Sentí tanto frío que me/lo arropé y me encontré algo mejor. Mi cuerpo arropaba mi cuerpo desnudo pero…¿Cómo un cadáver puede arroparse a si mismo? Pero era yo. No muchos habrán tenido la oportunidad de arroparse después de muertos o de verse muerto en la fría piedra de un tanatorio.
Entró un forzudo enfermero sin duda avezado en aquellas lides mortuorias, que sin mirarme como hacen siempre, me conminó a que saliera. Arrastraba una camilla muy ordenada donde reposaba un lujoso terno que en seguida reconocí. Era el último traje para el instituto que me habían comprado mis padres…!Era mío! Y, ¡Sin estrenar.
-Por favor, ¿puede salir?
Me incorporé y levanté la cabeza para mirarlo cara a cara.
Su primera expresión fue de espanto pero se recompuso enseguida, supongo que habría visto en estas lides lo indecible.
- Quisiera quedarme y ayudar- le dije.
- No es agradable, pero no creo que tenga derecho a impedir a nadie que pueda amortajar su propio cuerpo.
Que sensación mover el/mi cuerpo mientras aquellas manos expertas lo/me vestían. Yo, movía mi propio cuerpo, sólo que muy frío. Era desagradable.
- Usted está aquí vestido y desnudo en la piedra lo veo. Son el mismo.
- No es parecido, es igualdad y el primer asombrado soy yo ¿Estaré muerto?
- Yo lo veo de las dos formas. ¿Es su hermano? Me preguntó mientras me/le enfundaba la camisa mientras le sostenía el bien torneado torso
¡No lo sé!, no se nada, recibí una llamada de mis padres para que me personara en esta sala de necropsias. He llegado el primero y no ha podido hablar con ellos.
- Pues haría usted bien en hacerlo y así saldremos de la duda de si esta usted vivo o muerto- había cierta sorna en la voz del camillero.
- -Le repito, que el primer asombrado soy yo.
- Pues yo el segundo. No me había pasado nada igual en mi larga vida con los difuntos- se persignó respetuosamente.
- Mi asombro ha sido llegar a esta sala-nadie me lo ha impedido-y encontrarme muerto en el mármol. Usted no puede saberlo porque lo ha visto a él desnudo y no a mi. Si quiere me desnudo, pero puedo asegurarle que no creo que nos diferencie ni un solo vello del cuerpo.
- Será usted y todavía no es consciente de ello- apostilló macabro el hombre. Pues se lo van a llevar y usted es el único deudo que anda por aquí y digo deudo, o lo que sea.
(Yo creo que el enfermero había acabado por tomárselo a broma)

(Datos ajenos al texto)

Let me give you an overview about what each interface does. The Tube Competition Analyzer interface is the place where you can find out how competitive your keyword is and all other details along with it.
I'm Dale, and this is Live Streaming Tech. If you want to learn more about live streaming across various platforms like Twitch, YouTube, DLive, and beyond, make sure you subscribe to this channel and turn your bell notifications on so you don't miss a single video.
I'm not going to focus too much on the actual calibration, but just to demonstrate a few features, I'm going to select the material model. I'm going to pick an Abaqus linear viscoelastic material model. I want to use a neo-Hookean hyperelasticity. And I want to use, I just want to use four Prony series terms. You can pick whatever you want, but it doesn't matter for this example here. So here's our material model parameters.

Ya en el cementerio, asistí, como buen cristiano a la misa de mi entierro. Yo en el féretro y también yo, sólo, postrado a mis pies, rezando. El cura, lógicamente ajeno oficiaba aquel triste sepelio de tan escasa asistencia. Ante la poca concurrencia se le notaba con prisas.
En una fosa obscura y húmeda me/lo depositaron los funerarios y sentí una extraña sensación cuando invitado por ellos arrojé un puñado de tierra.
Sentí sobre mi pelo recién cortado resbalar los granos de arena y quedarse pegados a las raices.
-¿Qué…su padre? Una hermana quizás…preguntó como compungida y doliente una señora que pasaba y se quedó a ver el pasatiempo.
- No señora, !yo!
Cuando los sepultureros displicentes arrojaban paladas de tierra, sentía como cada una de ellas me ahogaba un poco más hasta hacerme irrespirable el aire de la tarde fresca de invierno, tanto que me desmayé.
- ¡Pobrecillo! Es tan chico- la impertinente señora.
Sólo, me alejaba lentamente del cementerio pero cargaba algo en la mochila del alma que antes no llevaba. Yo, que admiraba mi maravilloso
cuerpo que tan orgulloso me pavoneaba delante del espejo del dormitorio de mis padres:
¡Me supe mortal!...
(P.S. De mis padres, ¿qué voy a decir?, me ocultaron el nacimiento de mi otro yo, mi gemelo, avergonzados de tener un hijo inútil. Junto a la humildad me queda el resquemor de no haberlo vivido.